__RECORDED DATA__.
========================================
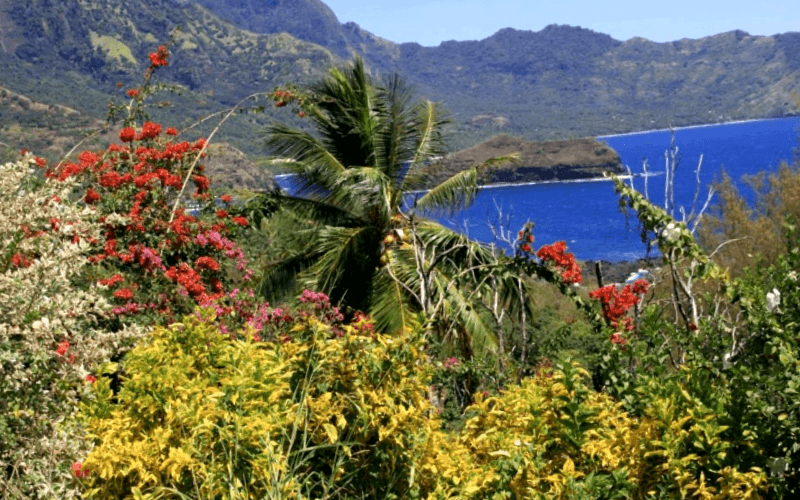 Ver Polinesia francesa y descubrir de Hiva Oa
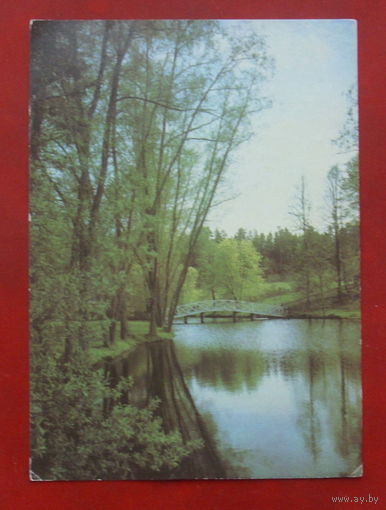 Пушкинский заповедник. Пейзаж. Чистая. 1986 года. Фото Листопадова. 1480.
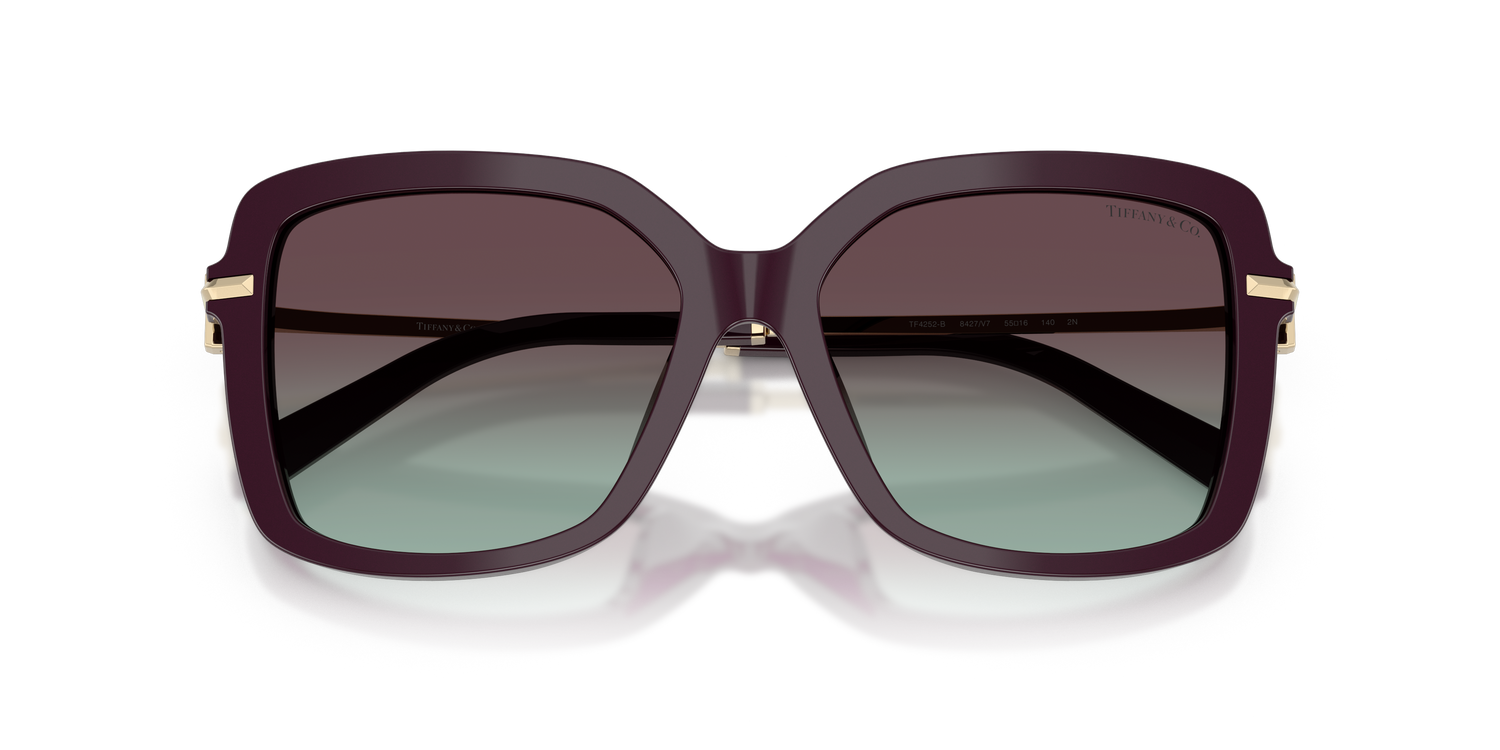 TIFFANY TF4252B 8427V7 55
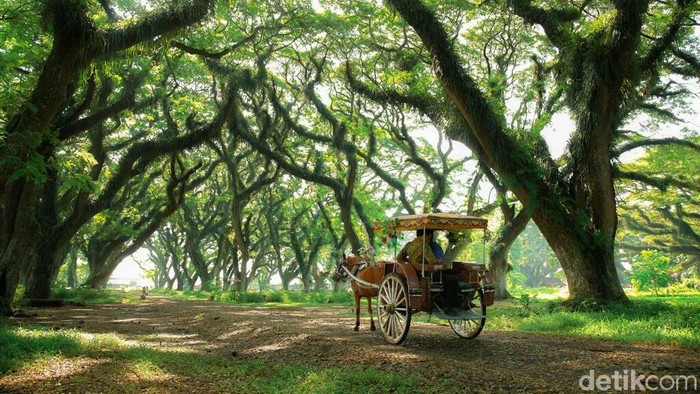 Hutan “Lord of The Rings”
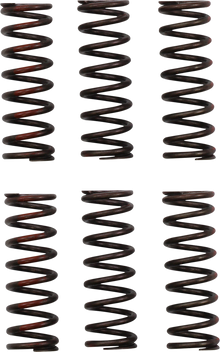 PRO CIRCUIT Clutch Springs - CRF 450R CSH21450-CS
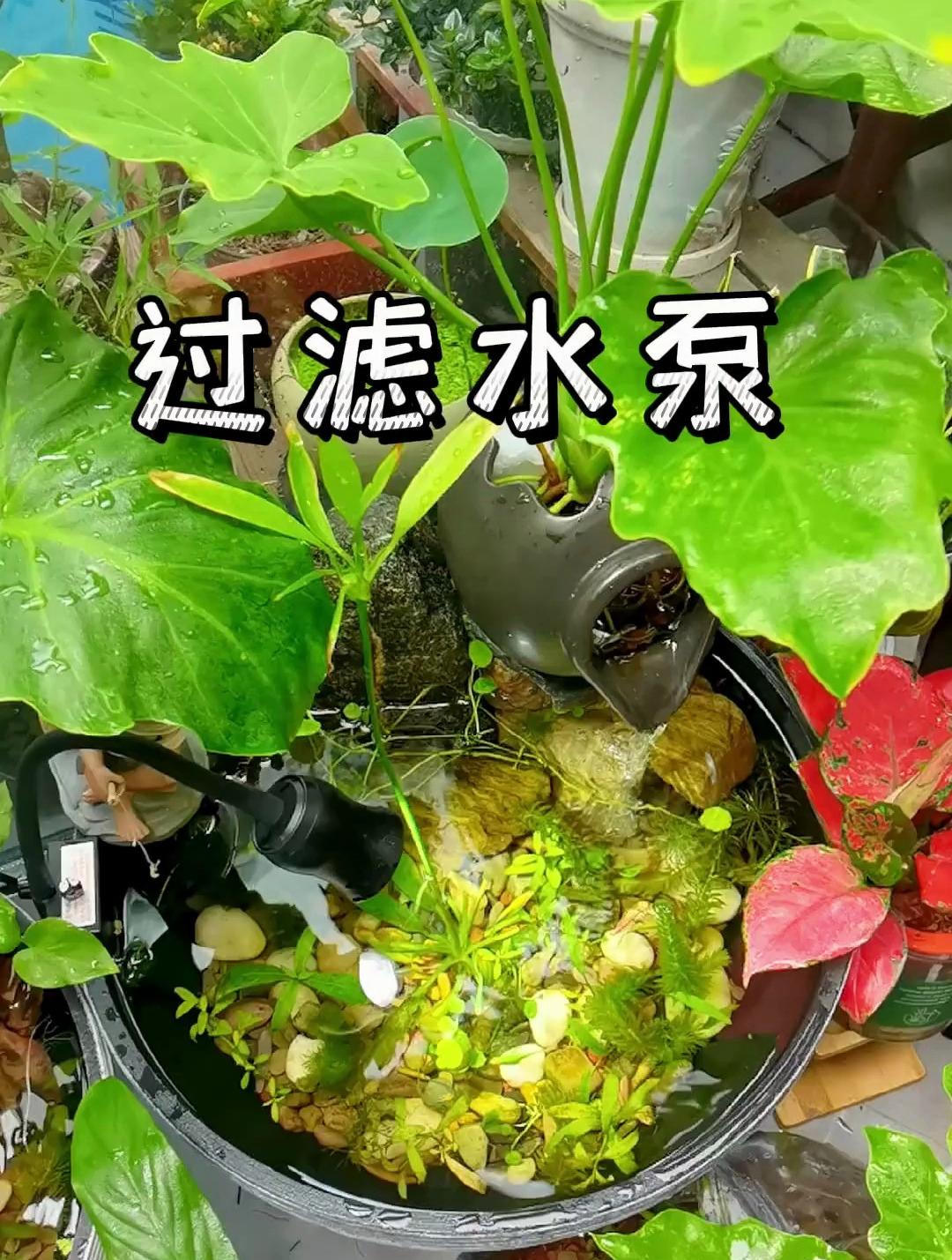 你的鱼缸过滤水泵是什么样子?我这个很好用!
========================================
__WHAT IS EXPECTED__.
Leaving the pictures out, give again word for word each line from the one holding "Пушкинский заповедник. Пейзаж." through the end of the records.

__PROBLEM SOLUTION__.
 Пушкинский заповедник. Пейзаж. Чистая. 1986 года. Фото Листопадова. 1480.
 TIFFANY TF4252B 8427V7 55
 Hutan “Lord of The Rings”
 PRO CIRCUIT Clutch Springs - CRF 450R CSH21450-CS
 你的鱼缸过滤水泵是什么样子?我这个很好用!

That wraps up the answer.